Monday, December 7, 2009

Keynes's Guinea Pigs



Back in January of this year we wrote a post titled The Fed Will Buy All Treasury Bonds in Existence if Necessary.  The aim of that post was to settle an argument over whether the Fed would actually follow through with its threat at the time to buy long dated treasury bonds.  We argued that Ben Bernanke gave a speech in 2002 that covered the topic, and he explicitly stated that he believed the Fed could control both short and long term interest rate by outright purchasing treasury bonds.  Sure enough, on March 28, 2009, the Fed announced its program to buy $300 billion in treasury bonds over the coming months.  Since that time, the Fed has become the largest purchaser of treasury and agency debt in the world.  We still aren't quite sure why so many were unwilling to believe that the Fed would do this.

Moving on, in August, President Obama nominated Bernanke for a second term as Fed Chairman.  The word used over and over to describe Bernanke was "creative."  See the following quotes...
How creative has Bernanke been really?  After reading John Maynard Keynes, it becomes obvious that at least one of Bernanke's so called creative ideas should properly be credited to Keynes.

First, let's examine briefly what Bernanke said in his now famous 2002 speech:



So what then might the Fed do if its target interest rate, the overnight federal funds rate, fell to zero?

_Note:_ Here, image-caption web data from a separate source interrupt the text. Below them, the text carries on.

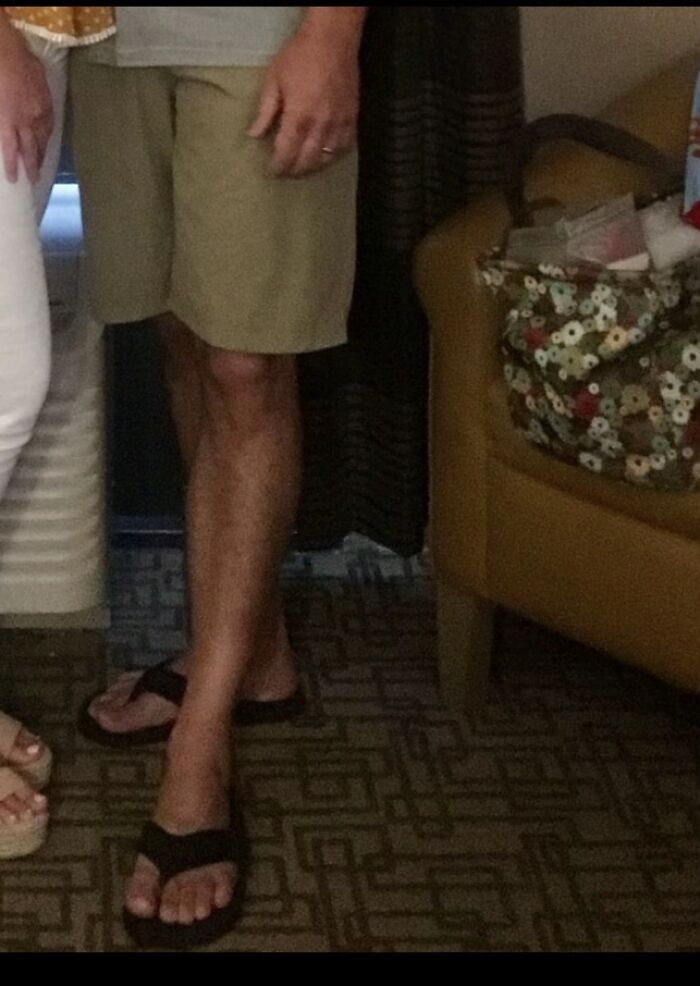 Man wearing sandals and shorts standing with awkward body language near a chair indoors, highlighting men’s awkward body language.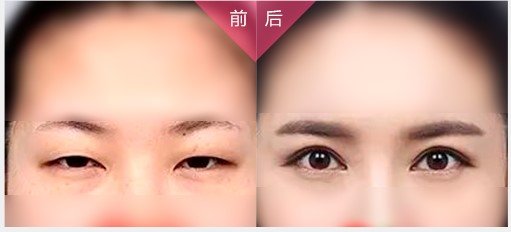 https://img.miyanlife.com/mnt/Editor/2017-08-28/59a3c0eaa469b.jpg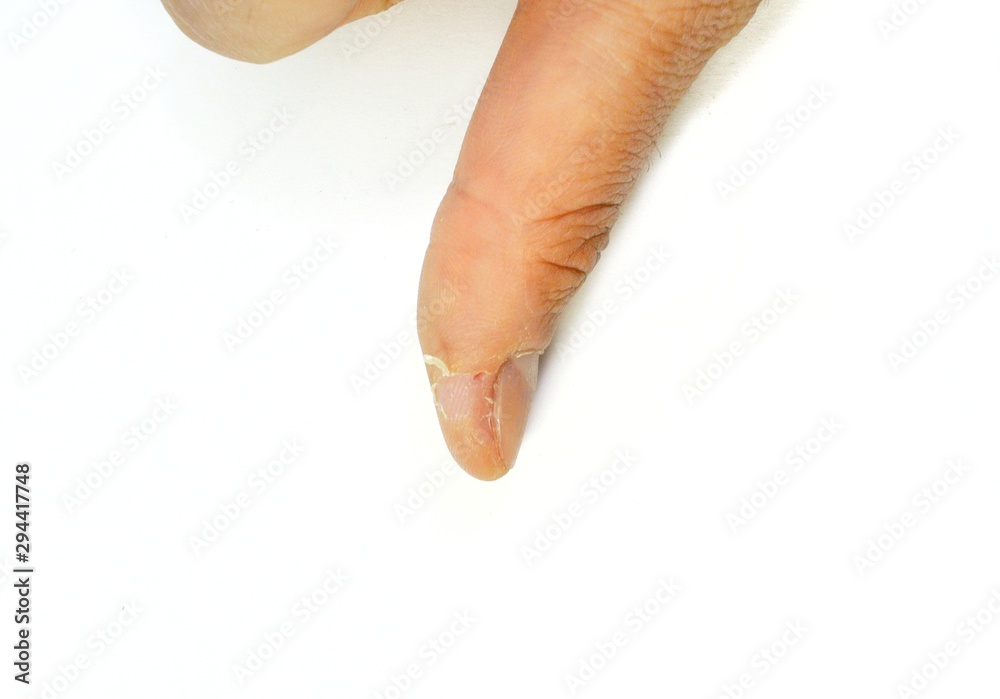 Excoriation (skinpicking) Disorder.Picking The Skin Around Nails and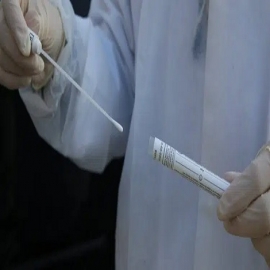 Un hombre estuvo perdiendo líquido cerebral durante meses debido a una lesión causada por una prueba PCR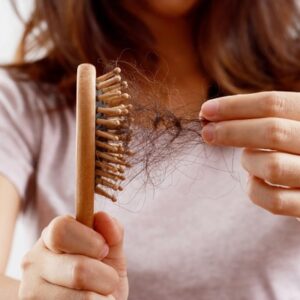 Hair Loss Treatment Cost in Islamabad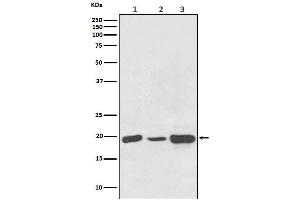 Western blot analysis of NDUFB8 expression in (1) HeLa cell lysate, (2) NIH/3T3 cell lysate, (3) PC12 cell lysate.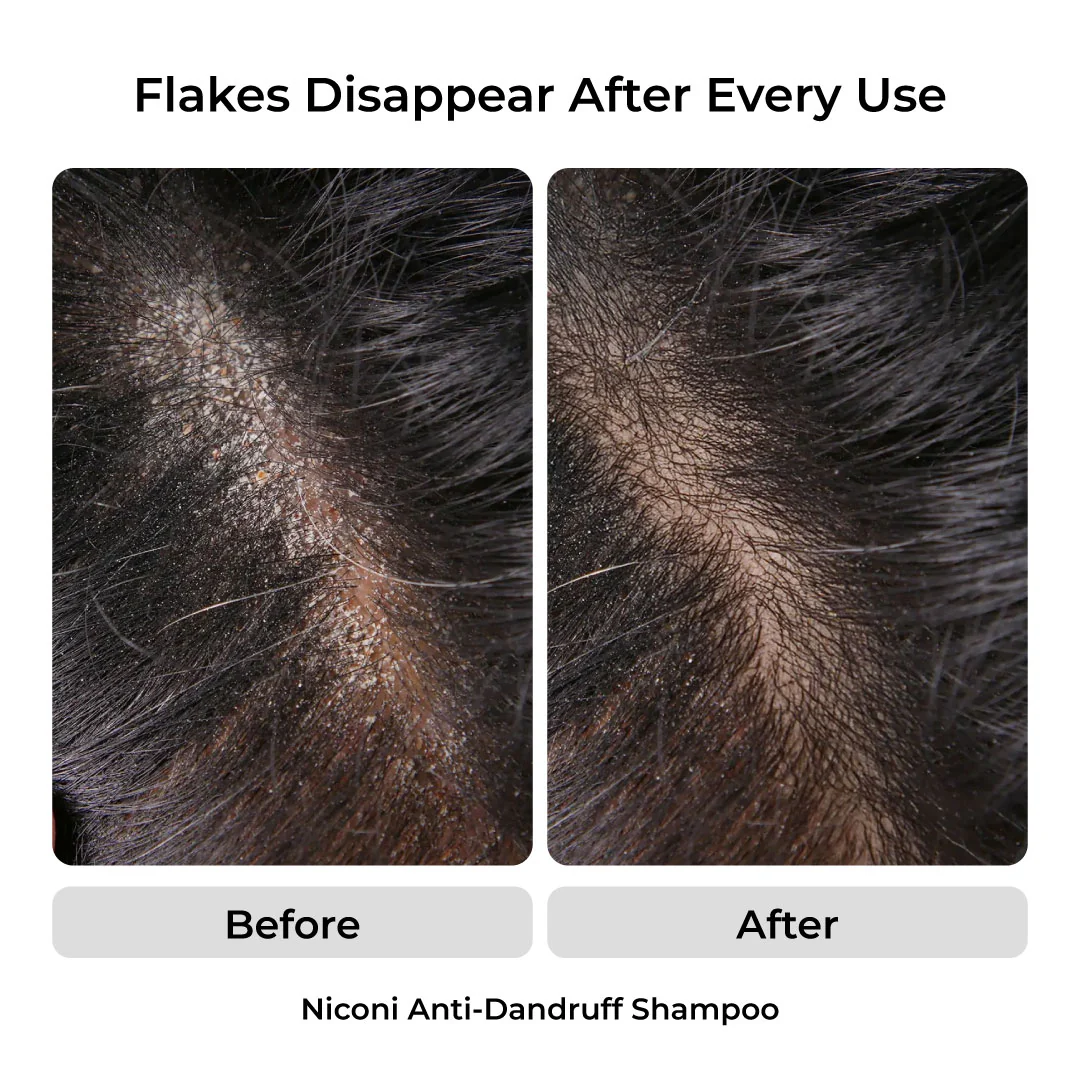 The Anti-Dandruff Hair Revival Combo - Image 4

One relatively straightforward extension of current procedures would be to try to stimulate spending by lowering rates further out along the Treasury term structure--that is, rates on government bonds of longer maturities.

[One direct method] would be for the Fed to begin announcing explicit ceilings for yields on longer-maturity Treasury debt (say, bonds maturing within the next two years).

The Fed could enforce these interest-rate ceilings by committing to make unlimited purchases of securities up to two years from maturity at prices consistent with the targeted yields.

If this program were successful, not only would yields on medium-term Treasury securities fall, but (because of links operating through expectations of future interest rates) yields on longer-term public and private debt (such as mortgages) would likely fall as well.

Lower rates over the maturity spectrum of public and private securities should strengthen aggregate demand in the usual ways and thus help to end deflation. Of course, if operating in relatively short-dated Treasury debt proved insufficient, the Fed could also attempt to cap yields of Treasury securities at still longer maturities, say three to six years. Yet another option would be for the Fed to use its existing authority to operate in the markets for agency debt (for example, mortgage-backed securities issued by Ginnie Mae, the Government National Mortgage Association).




Bernanke held true to his words from 2002 and enacted these very programs in 2009.

John Maynard Keynes wrote similar thoughts all the way back in 1933, in his famous work The General Theory of Employment, Interest and Money:



Chapter 15, Section III
Perhaps a complex offer by the central bank to buy and sell at stated prices gilt-edged bonds [English government bonds] of all maturities, in place of the single bank rate for short-term bills, is the most important practical improvement which can be made in the technique of monetary management.

The monetary authority often tends in practice to concentrate upon short-term debts and to leave the price of long-term debts to be influenced by belated and imperfect reactions from the price of short-term debts; — though here again there is no reason why they need do so.

There is the possibility, for the reasons discussed above, that, after the rate of interest has fallen to a certain level, liquidity-preference may become virtually absolute in the sense that almost everyone prefers cash to holding a debt which yields so low a rate of interest. In this event the monetary authority would have lost effective control over the rate of interest. But whilst this limiting case might become practically important in future, I know of no example of it hitherto. Indeed, owing to the unwillingness of most monetary authorities to deal boldly in debts of long term, there has not been much opportunity for a test. Moreover, if such a situation were to arise, it would mean that the public authority itself could borrow through the banking system on an unlimited scale at a nominal rate of interest.




I am sure Keynes would be thrilled to know that a test of his ideas would eventually be enacted, with us modern day folks being the guinea pigs of this experiment.  It only seems appropriate to describe the current situation we are faced with by using a quote from Keynes himself:

Practical men, who believe themselves to be quite exempt from any intellectual influences, are usually the slaves of some defunct economist.